Repeat nothing but the lines below running from the one containing "Homem é atingido" to the one containing "664 29 Avenue". Keep both end lines.

• _LISTED RECORDS_
--------------------------------------------------

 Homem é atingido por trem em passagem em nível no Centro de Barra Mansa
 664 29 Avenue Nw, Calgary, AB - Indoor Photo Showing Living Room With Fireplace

--------------------------------------------------

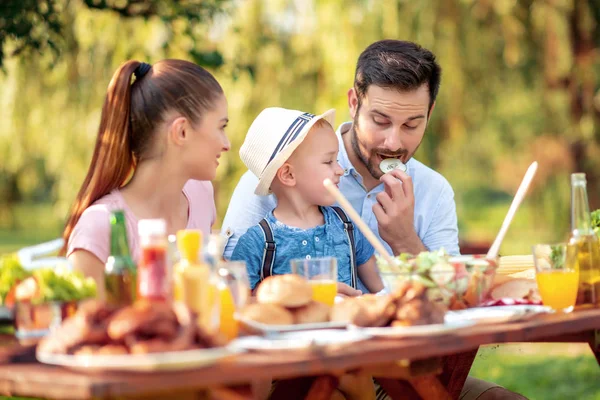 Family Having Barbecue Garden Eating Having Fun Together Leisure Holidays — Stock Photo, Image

--------------------------------------------------

• _TASK OUTPUT_
 Homem é atingido por trem em passagem em nível no Centro de Barra Mansa
 664 29 Avenue Nw, Calgary, AB - Indoor Photo Showing Living Room With Fireplace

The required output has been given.